Cuando llegó la noche señalada, se escondieron en los callejones más oscuros, aguardando con paciencia la llegada de la bestia. Pasada la medianoche, un escalofrío recorrió el ambiente cuando escucharon el eco de los cascos a la distancia. El sonido creció, junto con un relincho desgarrador que parecía provenir de lo más profundo de la noche. La mula apareció como una sombra enorme, con ojos rojos como brasas encendidas, agitando la cabeza y bufando como si percibiera el peligro. Su andar era frenético, como si intentara descargar una ira contenida durante siglos.
Con el corazón desbocado, los jóvenes se lanzaron contra la mula infernal, desatando una lucha feroz y desesperada. La criatura, con una fuerza sobrehumana, repartía patadas que derribaban a cualquiera que intentara sujetarla, mientras su relincho desgarrador, casi humano, resonaba en la noche como un lamento que helaba la sangre. La bestia se movía con agilidad, esquivando cuerdas y golpes y por momentos parecía que lograría escapar. Pero los jóvenes, en un acto de valentía y determinación, lograron rodearla, trabajando juntos para sujetarla con las sogas gruesas. Finalmente, tras un esfuerzo titánico, consiguieron inmovilizarla, atándola con fuerza a un poste en la plaza del pueblo, donde la bestia quedó retenida bajo la tenue luz de la luna llena.
La mula, aún amarrada, no dejó de resistirse. Se retorcía, golpeaba el suelo con sus cascos y lanzaba relinchos. Los jóvenes, exhaustos y cubiertos de sudor, se miraron entre sí con expresiones de alivio y miedo. La criatura parecía invencible, pero allí estaba, inmovilizada al menos por esa noche. Decidieron vigilarla hasta el amanecer, mientras las familias del pueblo, que observaban desde las ventanas entreabiertas, rezaban por ellos y por el fin de aquel tormento.

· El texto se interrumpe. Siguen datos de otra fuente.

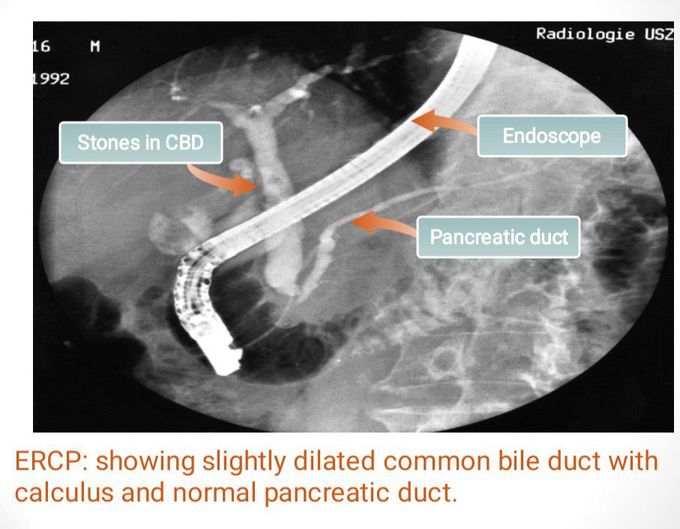 ERCP Results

Cuando los primeros rayos de sol comenzaron a bañar las calles empedradas de Patate, ocurrió lo inesperado. La mula dejó de resistirse y comenzó a convulsionar. Sus cascos se transformaron en manos, su cuerpo cambió de forma y el pelaje oscuro desapareció como si se evaporara. Ante los ojos atónitos de los jóvenes, la criatura comenzó a transformarse, revelando su verdadera forma: una mujer de rostro abatido, marcado por el dolor y la vergüenza. Para su sorpresa, era la cocinera del cura, una mujer humilde y reservada que nunca había despertado sospechas en el pueblo. Con voz temblorosa y cargada de arrepentimiento, susurró: "Estoy pagando por mis pecados. Fui la amante del sacerdote y, como castigo, he sido condenada a una maldición: cada luna llena me transformo en esta mula."
El pueblo nunca volvió a ser el mismo después de aquella noche. Los jóvenes, considerados héroes, no pudieron olvidar el miedo que sintieron al enfrentarse a la mula infernal ni la imagen de su transformación. La historia se transmitió de generación en generación como un recordatorio de que el pecado y los secretos no solo condenan a quien los carga, sino que también pueden convertirse en un castigo que afecta a toda una comunidad. Desde entonces, en las noches de luna llena, los habitantes de Patate cierran sus puertas con un poco más de fuerza, recordando la noche en que lo sobrenatural tocó las calles de su pequeño pueblo.